## EXERCISE REQUIREMENTS
What is needed is an exact copy of the lines from the line holding "Memur ve emekli" through the end of the material, with no other lines and no pictures.

## DATA SEGMENT

*** Begin section ***

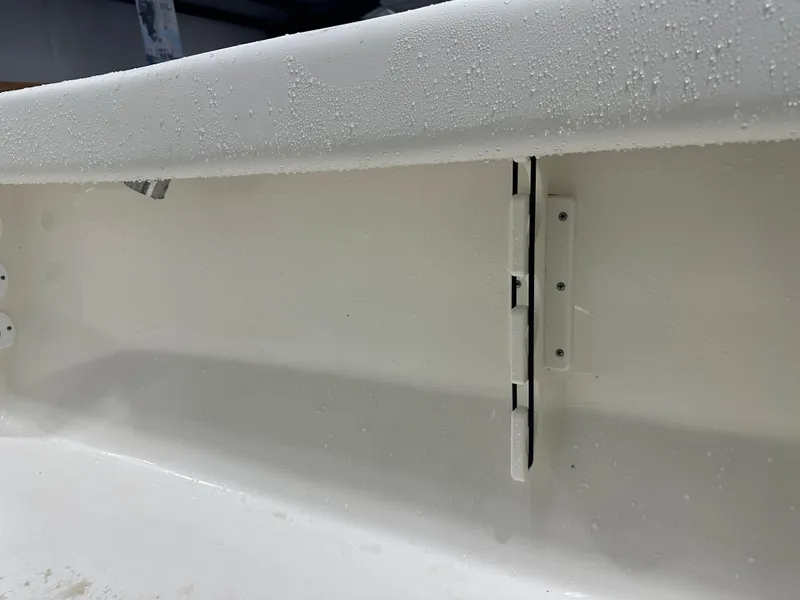 Slide: The Image of Key West 189FS 2025 - 57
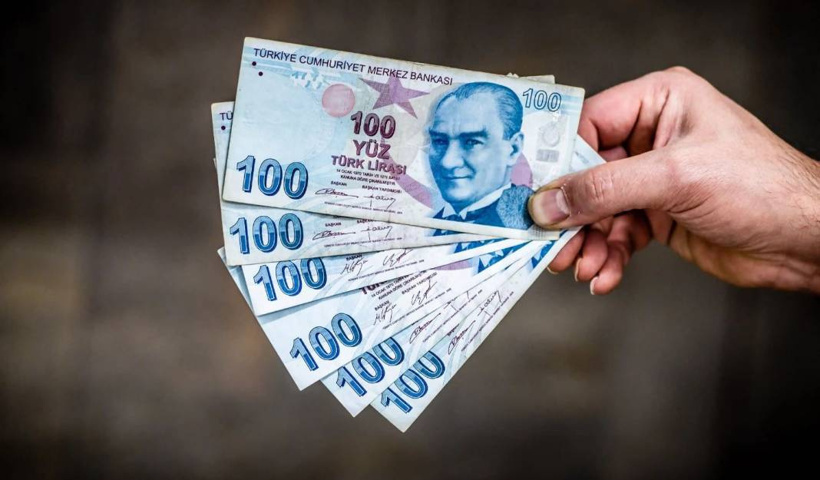 Memur ve emekli Ocak zammında kabusu yaşayacak: Zamlar eridikçe eriyecek - Fotoğraf: 7
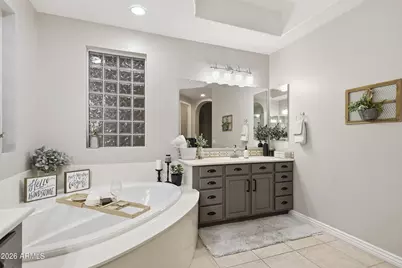 9620 N 184th Lane, Waddell, AZ 85355 - Photo 35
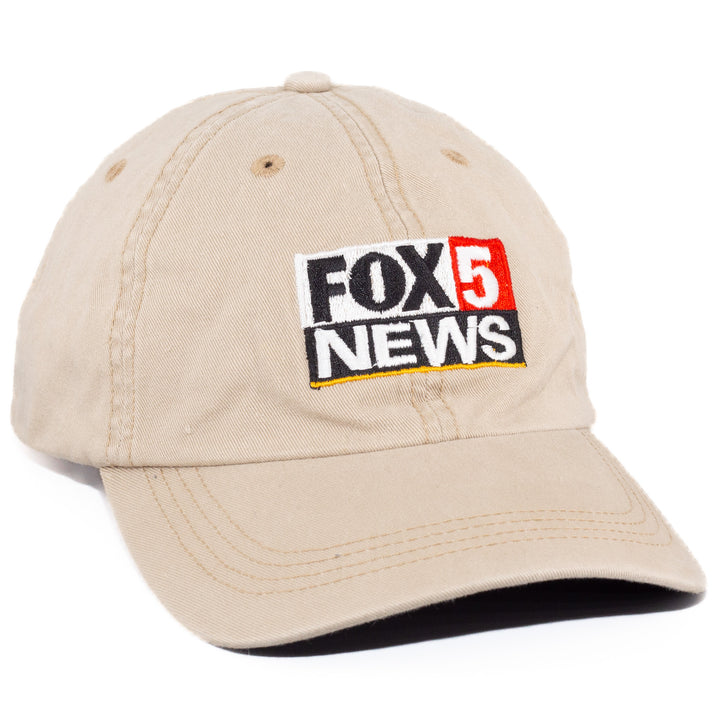 Fox 5 News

*** End section ***

## TASK SOLUTION
 Memur ve emekli Ocak zammında kabusu yaşayacak: Zamlar eridikçe eriyecek - Fotoğraf: 7
 9620 N 184th Lane, Waddell, AZ 85355 - Photo 35
 Fox 5 News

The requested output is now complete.